4 Bad Reasons to Skip Applying for B-School
This post originally appeared on Stacy’s “Strictly Business” MBA Blog on U.S.News.
Self-sabotage is any behavior or emotion that keeps individuals from going after something they want. This mental safety mechanism keeps them in their comfort zone and protects against disappointment, but it also prevents people from stretching and growing to reach their highest potential.
If you really believe that going to business school is the key to unlocking a more fulfilling and lucrative professional life, then don’t sabotage that goal by letting yourself get swayed by these four bad reasons for not pursuing an MBA degree.
1. I have too little or too much work experience. While business schools used to have a requirement of previous work experience – often averaging five years – that has changed considerably over the past decade. Limited professional experience is no longer a hindrance in many cases, since schools actively court applicants of different ages, genders and backgrounds.
Earlier entrance to business school would allow women who plan to have a family to establish their careers first. Also, younger applicants can make the case that the MBA degree is crucial to attaining their already crystalized career goals. Most students would be financially better off in the long run as well if they didn’t delay too long in seeking an MBA, particularly when taking into account the opportunity cost of forgone salary – and schools are aware of this.
On the other end of the spectrum, if you have more than eight years of work experience, there’s no need to fear that your MBA ship has sailed. It’s not about chronological age – it’s more about maturity, readiness and where you are in your career.
If you’re contemplating business school in your mid-30s, the key is to demonstrate confidence, how you’ve progressed professionally and what you’ve contributed on the job. Both younger and olderapplicants get accepted into top programs, so your age and experience level should never be the sole deciding factor of whether to apply to business school.
2. I was denied admission last year. Some people have a hard time dealing with what they perceive as rejection. If you’ve been feeling down ever since you received rejection letters, remember to keep your chin up.
First, elite MBA programs are extremely selective. At the top schools, out of every 100 applications, only around seven to 12 are accepted.
In other words, it’s very much a numbers game when you’re applying to such competitive programs. Only so many spots are available for an overwhelming number of extremely talented candidates.
Applying to an MBA program is seriously hard work. Give yourself some time to recharge from the last go-around, but then get ready to take a critical look at where you can enhance your candidacy before applying again. Make sure every aspect of your application is as polished as humanly possible.
Whether it’s retaking the GMAT to boost your score, taking a calculus course to prove your quantitative skills or looking at what you can do to strengthen your profile professionally or within your extracurriculars, everyone has room for improvement. We’ve seen many triumphant cases of reapplicants receiving offers of admission from their dream school, so one unsuccessful season should never deter you from trying again.

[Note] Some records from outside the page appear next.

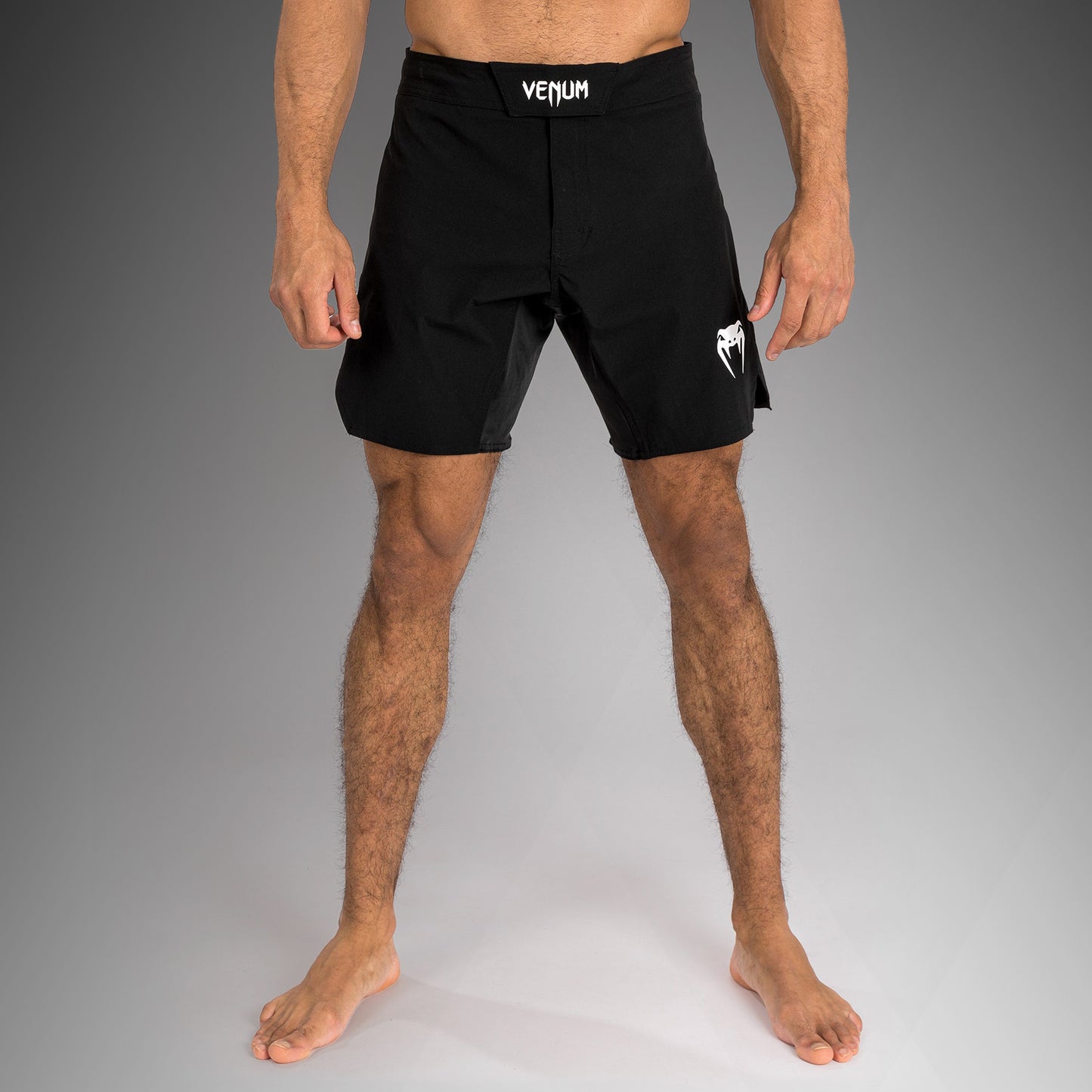 Venum Contender 남성용 파이트 쇼츠 – 블랙/화이트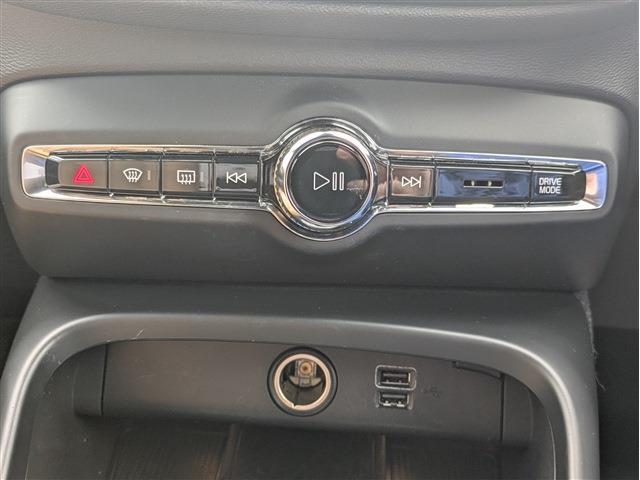 ボルボ ＸＣ４０ Ｔ５ ＡＷＤ インスクリプション ４ＷＤ R2年 (東北) 99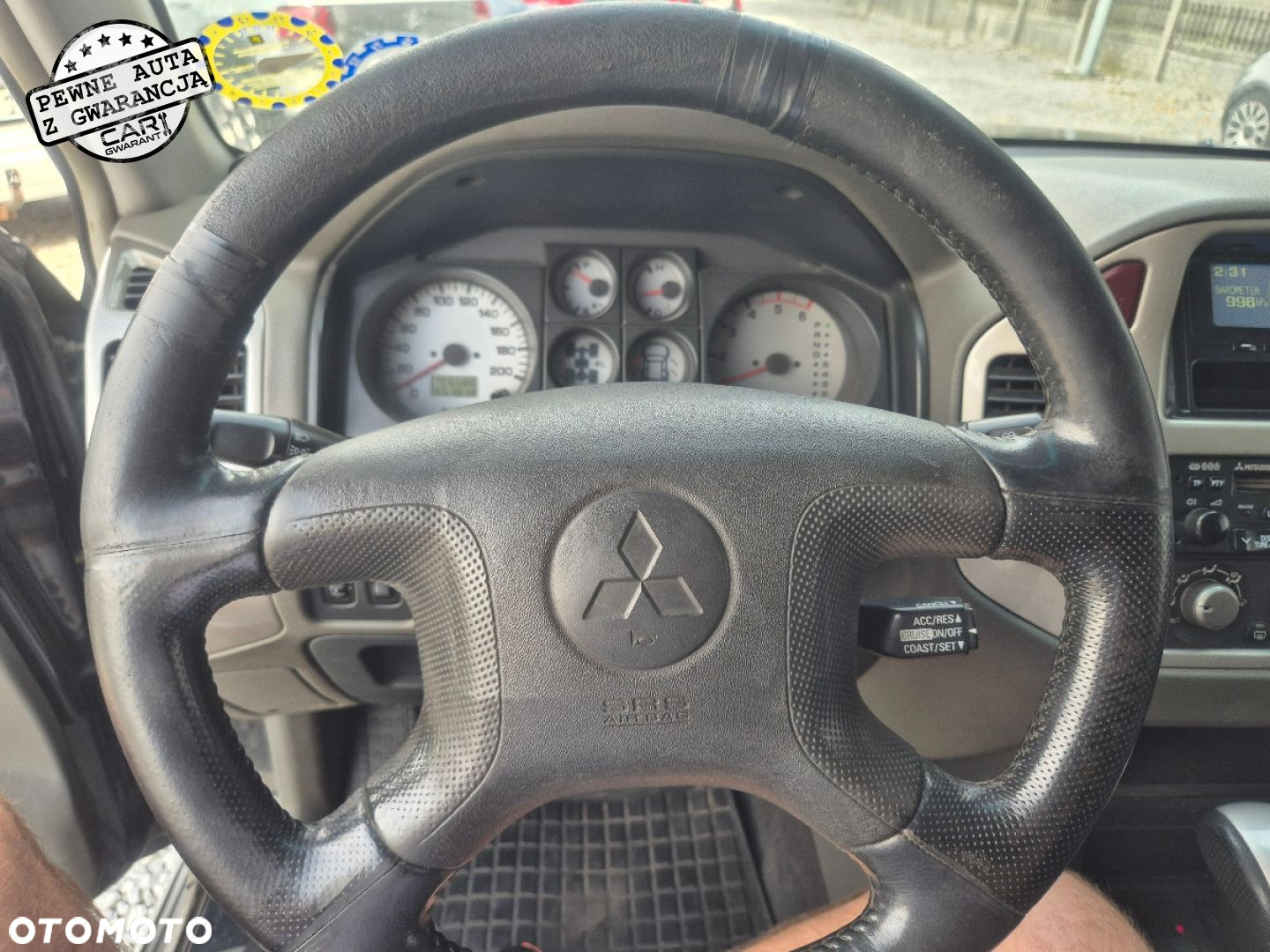 Mitsubishi Pajero - 21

3. I haven’t done anything amazing to get into a top school. It’s hard not to feel intimidated when you read the admitted student profiles at many of the elite MBA programs, which might include Olympians, successful entrepreneurs, decorated military officers and candidates with outstanding public service experience. However, don’t get psyched out of applying just because you can’t list anything similarly noteworthy on your application.
To stand out in the eyes of the admissions committee, you just need to provide hard proof that you made a difference. But it’s not about the scale of your achievements – rather, it’s the fact that you left indelible footprints. Show that you’re solutions-oriented and provide evidence of situations where you have applied your analysis, formulated an action plan and, most importantly, executed the plan.
Community service is very important to the admissions committee because it provides insights into your deeper interests and the causes you care about. It also shows that you are the type of person who devotes energy to making a community stronger.
Again, it’s not about demonstrating the most compelling act of service. Just show what you care about and how that activity or involvement enriches your life while helping others.
4. Business school is expensive. I won’t try to tell you that an MBA degree from a top business school isn’t pricey. Not only are you spending money on tuition and all of the other associated costs, but in many cases you will forego salary during the length of the program.
While figuring out how to pay for it all can be challenging and intimidating, look at an MBA as a long-term financial investment. Fortunately, schools are deeply committed to working with students to find a solution to financing school through a combination of loans and scholarships.
I strongly believe that where there’s a will there’s a way and that the MBA degree pays off in many ways, both quantifiable and priceless. So shake off those self-sabotaging thoughts and get started on creating your own path to the professional goals you seek.